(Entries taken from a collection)
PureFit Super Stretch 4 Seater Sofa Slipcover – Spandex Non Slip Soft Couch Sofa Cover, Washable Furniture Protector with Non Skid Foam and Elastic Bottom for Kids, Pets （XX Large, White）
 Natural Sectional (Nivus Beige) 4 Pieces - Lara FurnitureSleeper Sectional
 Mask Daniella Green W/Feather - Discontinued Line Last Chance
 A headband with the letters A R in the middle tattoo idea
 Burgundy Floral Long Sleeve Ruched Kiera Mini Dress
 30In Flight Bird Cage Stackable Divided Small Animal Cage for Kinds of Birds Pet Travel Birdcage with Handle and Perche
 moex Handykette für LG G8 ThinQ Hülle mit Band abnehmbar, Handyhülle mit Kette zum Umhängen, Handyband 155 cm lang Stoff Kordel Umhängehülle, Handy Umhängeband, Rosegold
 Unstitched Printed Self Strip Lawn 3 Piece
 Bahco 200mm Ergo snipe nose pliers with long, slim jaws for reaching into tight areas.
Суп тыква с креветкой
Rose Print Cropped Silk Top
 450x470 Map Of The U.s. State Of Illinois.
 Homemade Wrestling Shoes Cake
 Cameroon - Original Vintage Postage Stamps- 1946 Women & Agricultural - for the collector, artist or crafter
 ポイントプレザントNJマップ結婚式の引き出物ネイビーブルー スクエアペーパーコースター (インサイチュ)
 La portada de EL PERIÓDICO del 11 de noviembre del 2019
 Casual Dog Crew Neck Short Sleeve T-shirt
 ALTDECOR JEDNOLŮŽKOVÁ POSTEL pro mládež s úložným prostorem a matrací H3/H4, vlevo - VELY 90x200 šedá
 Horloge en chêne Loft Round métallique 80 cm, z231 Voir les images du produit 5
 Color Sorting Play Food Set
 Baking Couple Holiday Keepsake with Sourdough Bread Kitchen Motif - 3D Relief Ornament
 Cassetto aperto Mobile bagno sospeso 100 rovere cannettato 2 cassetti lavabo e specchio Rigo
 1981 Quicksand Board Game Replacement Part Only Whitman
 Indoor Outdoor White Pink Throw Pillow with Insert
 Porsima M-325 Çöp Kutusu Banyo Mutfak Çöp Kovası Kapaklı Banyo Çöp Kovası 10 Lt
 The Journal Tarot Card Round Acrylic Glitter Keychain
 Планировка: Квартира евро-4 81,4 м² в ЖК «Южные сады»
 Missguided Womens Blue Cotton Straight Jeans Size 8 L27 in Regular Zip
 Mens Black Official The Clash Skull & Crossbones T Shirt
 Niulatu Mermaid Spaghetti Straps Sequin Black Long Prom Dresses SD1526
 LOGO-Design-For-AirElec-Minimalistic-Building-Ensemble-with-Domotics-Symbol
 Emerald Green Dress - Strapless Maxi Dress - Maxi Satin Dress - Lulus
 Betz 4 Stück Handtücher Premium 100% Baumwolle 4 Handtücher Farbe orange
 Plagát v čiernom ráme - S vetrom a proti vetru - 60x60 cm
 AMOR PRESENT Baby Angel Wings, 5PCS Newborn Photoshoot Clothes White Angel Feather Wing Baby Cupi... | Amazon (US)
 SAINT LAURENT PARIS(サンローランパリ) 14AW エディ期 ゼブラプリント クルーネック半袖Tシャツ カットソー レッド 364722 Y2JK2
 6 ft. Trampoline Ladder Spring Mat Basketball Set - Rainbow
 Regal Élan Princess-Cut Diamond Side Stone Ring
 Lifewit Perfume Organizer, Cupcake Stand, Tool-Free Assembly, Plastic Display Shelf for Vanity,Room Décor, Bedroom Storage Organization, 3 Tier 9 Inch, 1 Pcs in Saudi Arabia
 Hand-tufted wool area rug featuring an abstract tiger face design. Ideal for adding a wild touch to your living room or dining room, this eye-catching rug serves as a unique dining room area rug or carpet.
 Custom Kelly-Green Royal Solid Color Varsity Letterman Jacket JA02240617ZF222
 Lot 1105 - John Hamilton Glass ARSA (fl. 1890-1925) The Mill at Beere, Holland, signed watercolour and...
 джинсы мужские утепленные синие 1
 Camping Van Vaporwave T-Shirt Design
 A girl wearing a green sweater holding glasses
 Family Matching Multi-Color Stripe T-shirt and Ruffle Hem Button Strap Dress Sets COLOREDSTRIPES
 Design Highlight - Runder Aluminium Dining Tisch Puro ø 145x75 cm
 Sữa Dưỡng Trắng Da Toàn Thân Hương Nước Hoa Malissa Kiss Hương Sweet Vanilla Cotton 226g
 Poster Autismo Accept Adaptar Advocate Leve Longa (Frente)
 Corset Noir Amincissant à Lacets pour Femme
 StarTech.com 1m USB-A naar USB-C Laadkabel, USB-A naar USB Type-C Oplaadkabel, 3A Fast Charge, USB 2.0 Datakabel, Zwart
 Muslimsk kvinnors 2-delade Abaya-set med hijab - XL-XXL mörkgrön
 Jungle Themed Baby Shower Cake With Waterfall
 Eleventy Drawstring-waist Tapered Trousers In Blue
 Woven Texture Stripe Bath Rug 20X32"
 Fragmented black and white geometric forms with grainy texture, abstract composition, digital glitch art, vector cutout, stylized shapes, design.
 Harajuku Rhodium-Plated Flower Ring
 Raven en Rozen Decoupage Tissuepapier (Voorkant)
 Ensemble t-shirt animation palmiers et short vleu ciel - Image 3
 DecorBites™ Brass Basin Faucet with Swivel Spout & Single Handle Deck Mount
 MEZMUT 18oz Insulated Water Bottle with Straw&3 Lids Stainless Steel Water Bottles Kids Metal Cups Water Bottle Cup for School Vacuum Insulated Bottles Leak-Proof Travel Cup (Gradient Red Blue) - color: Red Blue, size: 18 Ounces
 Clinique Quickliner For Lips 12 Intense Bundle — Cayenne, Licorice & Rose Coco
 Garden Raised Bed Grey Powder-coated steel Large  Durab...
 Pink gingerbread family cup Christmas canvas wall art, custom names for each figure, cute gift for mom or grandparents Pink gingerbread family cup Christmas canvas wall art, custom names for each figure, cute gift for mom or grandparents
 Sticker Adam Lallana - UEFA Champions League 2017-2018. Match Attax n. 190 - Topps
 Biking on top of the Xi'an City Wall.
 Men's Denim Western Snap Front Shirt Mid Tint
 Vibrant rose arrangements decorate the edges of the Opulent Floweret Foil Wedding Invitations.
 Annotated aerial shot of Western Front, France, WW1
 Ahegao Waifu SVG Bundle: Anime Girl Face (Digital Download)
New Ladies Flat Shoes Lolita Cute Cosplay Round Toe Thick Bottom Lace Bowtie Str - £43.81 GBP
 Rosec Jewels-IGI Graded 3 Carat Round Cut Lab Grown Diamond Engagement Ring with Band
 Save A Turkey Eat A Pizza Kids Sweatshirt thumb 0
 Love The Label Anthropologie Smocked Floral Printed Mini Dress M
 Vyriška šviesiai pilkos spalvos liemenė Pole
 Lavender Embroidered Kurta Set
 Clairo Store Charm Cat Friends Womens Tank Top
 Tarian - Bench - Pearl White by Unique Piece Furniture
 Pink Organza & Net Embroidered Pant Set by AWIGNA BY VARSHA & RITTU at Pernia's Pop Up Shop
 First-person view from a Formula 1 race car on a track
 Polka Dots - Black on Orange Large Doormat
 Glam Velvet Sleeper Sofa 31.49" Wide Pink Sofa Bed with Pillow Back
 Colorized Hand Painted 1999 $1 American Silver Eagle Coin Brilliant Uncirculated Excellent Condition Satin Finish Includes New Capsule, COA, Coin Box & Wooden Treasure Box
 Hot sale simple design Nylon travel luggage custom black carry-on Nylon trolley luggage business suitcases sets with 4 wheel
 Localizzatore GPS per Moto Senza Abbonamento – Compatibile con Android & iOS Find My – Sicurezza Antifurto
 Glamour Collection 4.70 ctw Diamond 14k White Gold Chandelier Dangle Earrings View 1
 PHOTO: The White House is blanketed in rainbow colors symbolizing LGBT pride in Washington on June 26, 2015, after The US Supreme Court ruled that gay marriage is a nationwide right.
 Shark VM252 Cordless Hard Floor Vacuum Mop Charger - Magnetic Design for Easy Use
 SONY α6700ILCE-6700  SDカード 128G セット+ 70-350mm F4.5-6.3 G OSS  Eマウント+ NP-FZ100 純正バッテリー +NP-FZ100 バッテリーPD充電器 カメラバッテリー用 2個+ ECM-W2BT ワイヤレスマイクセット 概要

WORK INSTRUCTION: Wherever a line in the records contains the word "Baby", copy that line.

ANSWER AREA:
 AMOR PRESENT Baby Angel Wings, 5PCS Newborn Photoshoot Clothes White Angel Feather Wing Baby Cupi... | Amazon (US)
 Jungle Themed Baby Shower Cake With Waterfall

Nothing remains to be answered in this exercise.